* **Work order**: Every entry, start to finish, should be printed verbatim without pictures.

Excerpts from a dataset:

|---|

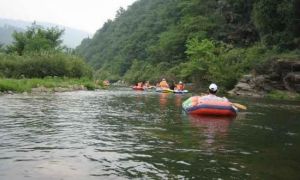 鴛鴦溪漂流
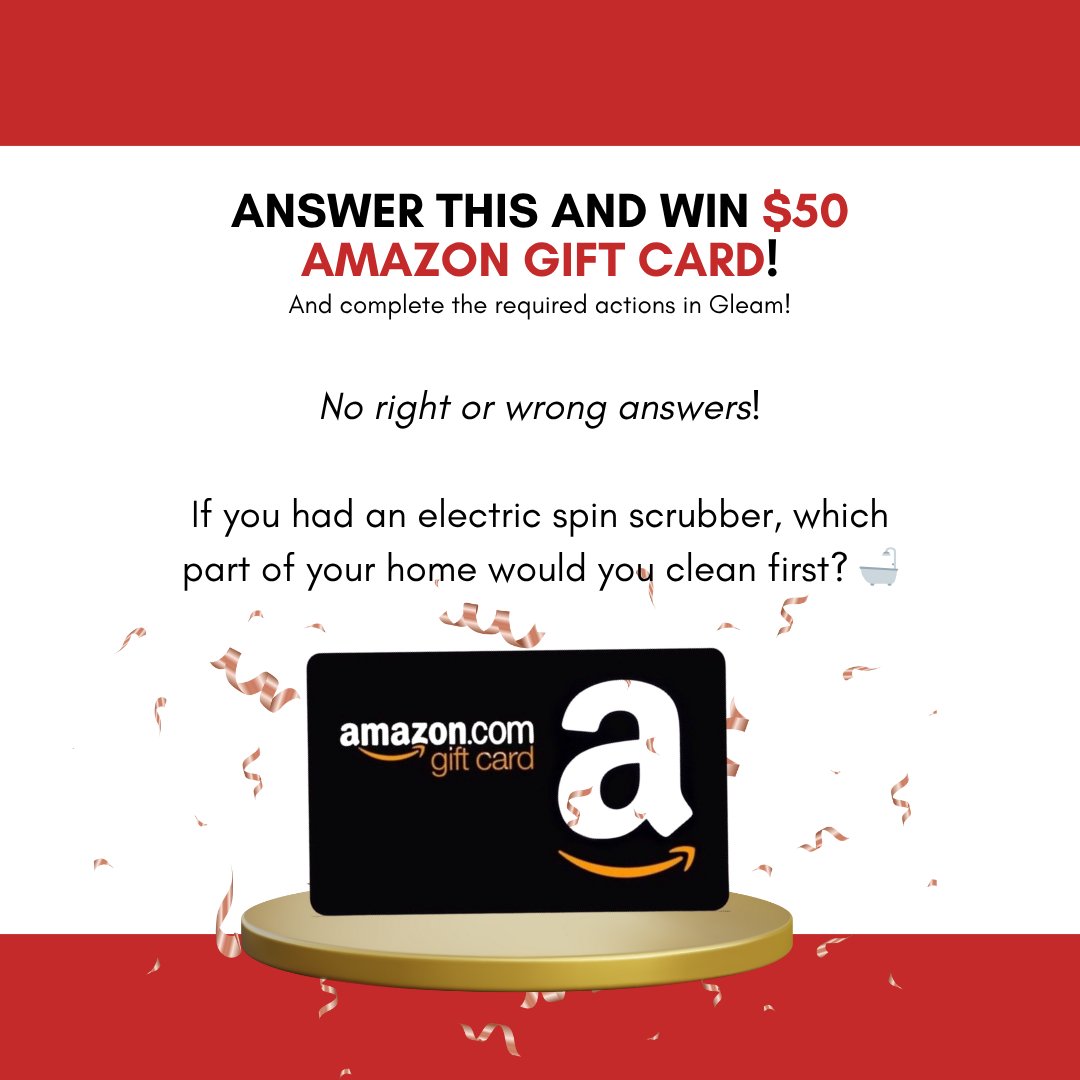 Win $50 Amazon Gift Card!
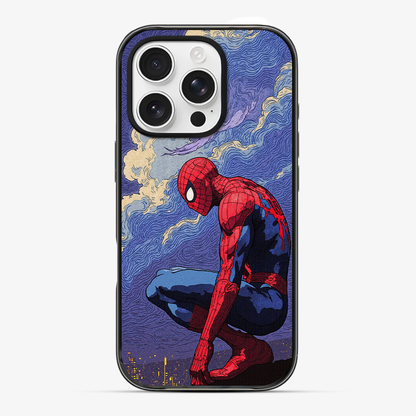 Spiderman Painting Phone Case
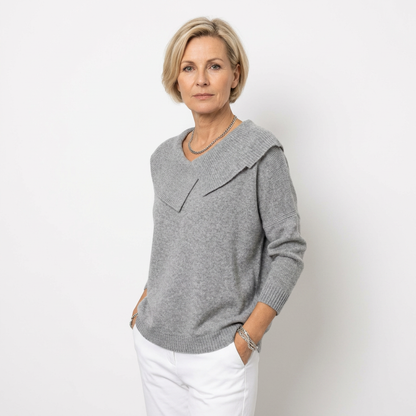 LANA™ - Warmes Oberteil mit weichem Kragen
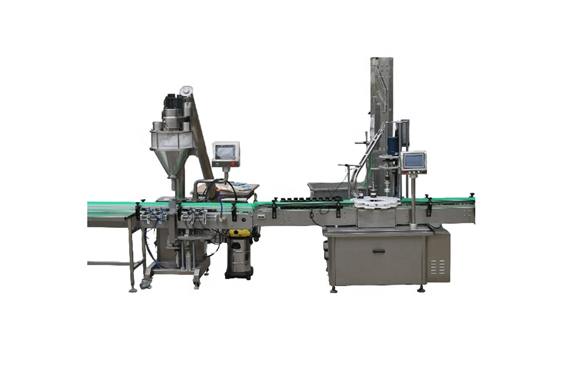 Coffee Powder Automatic Filling And Capping Machine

|---|

* **The completed task**:
 鴛鴦溪漂流
 Win $50 Amazon Gift Card!
 Spiderman Painting Phone Case
 LANA™ - Warmes Oberteil mit weichem Kragen
 Coffee Powder Automatic Filling And Capping Machine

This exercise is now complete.